Print exactly the lines below between the line holding "Villa Syariah Mvr Hotels in Kudus Regency" and the line holding "nike blazer mid 77", inclusive, and nothing more.

- Opening Delimiter -

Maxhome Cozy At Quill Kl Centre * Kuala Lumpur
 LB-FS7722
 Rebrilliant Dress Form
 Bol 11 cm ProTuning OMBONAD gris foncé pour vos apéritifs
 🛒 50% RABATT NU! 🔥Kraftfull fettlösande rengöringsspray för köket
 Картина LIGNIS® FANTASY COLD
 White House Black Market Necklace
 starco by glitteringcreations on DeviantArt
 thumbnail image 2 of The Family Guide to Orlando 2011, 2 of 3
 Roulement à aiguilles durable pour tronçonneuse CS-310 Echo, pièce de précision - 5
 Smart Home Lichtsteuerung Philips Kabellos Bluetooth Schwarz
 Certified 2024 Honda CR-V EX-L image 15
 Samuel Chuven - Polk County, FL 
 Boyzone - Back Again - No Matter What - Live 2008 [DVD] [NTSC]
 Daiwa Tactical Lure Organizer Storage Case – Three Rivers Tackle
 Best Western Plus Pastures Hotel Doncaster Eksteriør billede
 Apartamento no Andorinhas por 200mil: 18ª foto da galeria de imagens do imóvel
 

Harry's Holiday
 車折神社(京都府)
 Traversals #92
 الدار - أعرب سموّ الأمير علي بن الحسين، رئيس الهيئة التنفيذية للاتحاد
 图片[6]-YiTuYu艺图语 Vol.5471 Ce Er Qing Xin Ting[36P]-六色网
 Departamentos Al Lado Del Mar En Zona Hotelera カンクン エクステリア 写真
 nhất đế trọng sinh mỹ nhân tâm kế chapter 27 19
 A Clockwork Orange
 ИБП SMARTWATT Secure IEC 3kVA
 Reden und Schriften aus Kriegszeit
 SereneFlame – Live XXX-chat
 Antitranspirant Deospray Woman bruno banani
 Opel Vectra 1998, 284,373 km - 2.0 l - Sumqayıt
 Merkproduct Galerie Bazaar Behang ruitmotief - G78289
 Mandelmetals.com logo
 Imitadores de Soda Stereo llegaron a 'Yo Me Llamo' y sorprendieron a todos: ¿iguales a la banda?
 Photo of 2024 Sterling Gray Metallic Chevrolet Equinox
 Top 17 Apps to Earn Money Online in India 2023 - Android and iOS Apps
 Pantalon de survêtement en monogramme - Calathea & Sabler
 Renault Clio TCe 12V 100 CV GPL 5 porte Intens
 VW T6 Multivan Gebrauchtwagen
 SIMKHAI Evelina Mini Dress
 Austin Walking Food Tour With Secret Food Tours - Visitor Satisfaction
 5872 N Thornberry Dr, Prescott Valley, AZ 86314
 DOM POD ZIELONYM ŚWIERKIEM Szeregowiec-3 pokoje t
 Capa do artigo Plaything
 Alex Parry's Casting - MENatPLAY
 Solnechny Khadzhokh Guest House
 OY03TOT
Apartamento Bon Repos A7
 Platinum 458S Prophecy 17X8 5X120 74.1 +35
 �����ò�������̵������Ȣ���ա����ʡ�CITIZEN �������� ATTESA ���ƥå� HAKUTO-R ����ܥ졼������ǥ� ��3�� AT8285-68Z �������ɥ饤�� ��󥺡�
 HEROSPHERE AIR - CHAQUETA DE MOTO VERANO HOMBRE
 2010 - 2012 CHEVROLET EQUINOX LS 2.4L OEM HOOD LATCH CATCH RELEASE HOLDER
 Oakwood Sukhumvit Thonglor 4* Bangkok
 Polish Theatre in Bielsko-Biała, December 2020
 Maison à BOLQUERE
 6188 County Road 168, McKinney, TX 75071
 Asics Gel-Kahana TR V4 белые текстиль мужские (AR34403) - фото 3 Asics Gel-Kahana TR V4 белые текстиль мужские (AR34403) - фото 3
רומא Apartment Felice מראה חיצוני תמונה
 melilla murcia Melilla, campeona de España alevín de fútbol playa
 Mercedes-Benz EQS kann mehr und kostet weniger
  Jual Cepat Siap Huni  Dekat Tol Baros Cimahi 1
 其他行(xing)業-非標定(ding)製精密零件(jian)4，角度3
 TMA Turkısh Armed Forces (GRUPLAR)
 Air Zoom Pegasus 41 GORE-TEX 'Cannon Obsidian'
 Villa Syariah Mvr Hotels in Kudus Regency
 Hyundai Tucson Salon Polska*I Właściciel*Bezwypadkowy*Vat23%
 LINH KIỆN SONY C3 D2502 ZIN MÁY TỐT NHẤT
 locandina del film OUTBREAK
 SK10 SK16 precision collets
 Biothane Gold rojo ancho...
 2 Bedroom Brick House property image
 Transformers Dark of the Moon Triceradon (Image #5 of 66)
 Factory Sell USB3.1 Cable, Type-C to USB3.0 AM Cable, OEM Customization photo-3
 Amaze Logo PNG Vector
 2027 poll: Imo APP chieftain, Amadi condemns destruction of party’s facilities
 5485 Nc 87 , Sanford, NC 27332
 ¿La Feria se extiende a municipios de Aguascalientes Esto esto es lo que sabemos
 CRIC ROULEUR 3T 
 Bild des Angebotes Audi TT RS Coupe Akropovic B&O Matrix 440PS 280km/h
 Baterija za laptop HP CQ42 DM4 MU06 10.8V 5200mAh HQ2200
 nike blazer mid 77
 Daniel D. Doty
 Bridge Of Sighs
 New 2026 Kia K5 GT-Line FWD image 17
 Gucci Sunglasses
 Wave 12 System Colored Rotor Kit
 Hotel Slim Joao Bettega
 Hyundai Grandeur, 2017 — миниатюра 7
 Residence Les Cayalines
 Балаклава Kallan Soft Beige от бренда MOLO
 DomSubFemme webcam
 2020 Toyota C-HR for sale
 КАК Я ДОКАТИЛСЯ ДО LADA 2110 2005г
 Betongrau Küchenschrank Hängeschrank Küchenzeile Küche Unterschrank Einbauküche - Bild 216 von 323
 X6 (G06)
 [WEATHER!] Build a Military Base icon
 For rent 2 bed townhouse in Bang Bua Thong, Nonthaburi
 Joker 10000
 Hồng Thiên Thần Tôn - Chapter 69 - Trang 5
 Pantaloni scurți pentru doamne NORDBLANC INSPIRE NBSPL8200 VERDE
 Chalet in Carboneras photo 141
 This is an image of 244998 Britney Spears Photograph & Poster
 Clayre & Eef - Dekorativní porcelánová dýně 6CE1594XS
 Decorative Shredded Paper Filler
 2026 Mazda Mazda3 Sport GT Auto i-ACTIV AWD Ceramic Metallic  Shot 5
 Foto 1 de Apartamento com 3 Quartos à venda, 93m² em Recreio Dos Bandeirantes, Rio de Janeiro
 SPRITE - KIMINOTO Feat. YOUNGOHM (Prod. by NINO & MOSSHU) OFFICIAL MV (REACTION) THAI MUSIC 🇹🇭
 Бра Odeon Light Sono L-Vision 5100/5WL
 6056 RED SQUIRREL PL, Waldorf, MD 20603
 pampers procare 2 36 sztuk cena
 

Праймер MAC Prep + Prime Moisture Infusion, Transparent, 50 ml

- Closing Delimiter -

→ OUTPUT OF THE EXERCISE:
 Villa Syariah Mvr Hotels in Kudus Regency
 Hyundai Tucson Salon Polska*I Właściciel*Bezwypadkowy*Vat23%
 LINH KIỆN SONY C3 D2502 ZIN MÁY TỐT NHẤT
 locandina del film OUTBREAK
 SK10 SK16 precision collets
 Biothane Gold rojo ancho...
 2 Bedroom Brick House property image
 Transformers Dark of the Moon Triceradon (Image #5 of 66)
 Factory Sell USB3.1 Cable, Type-C to USB3.0 AM Cable, OEM Customization photo-3
 Amaze Logo PNG Vector
 2027 poll: Imo APP chieftain, Amadi condemns destruction of party’s facilities
 5485 Nc 87 , Sanford, NC 27332
 ¿La Feria se extiende a municipios de Aguascalientes Esto esto es lo que sabemos
 CRIC ROULEUR 3T 
 Bild des Angebotes Audi TT RS Coupe Akropovic B&O Matrix 440PS 280km/h
 Baterija za laptop HP CQ42 DM4 MU06 10.8V 5200mAh HQ2200
 nike blazer mid 77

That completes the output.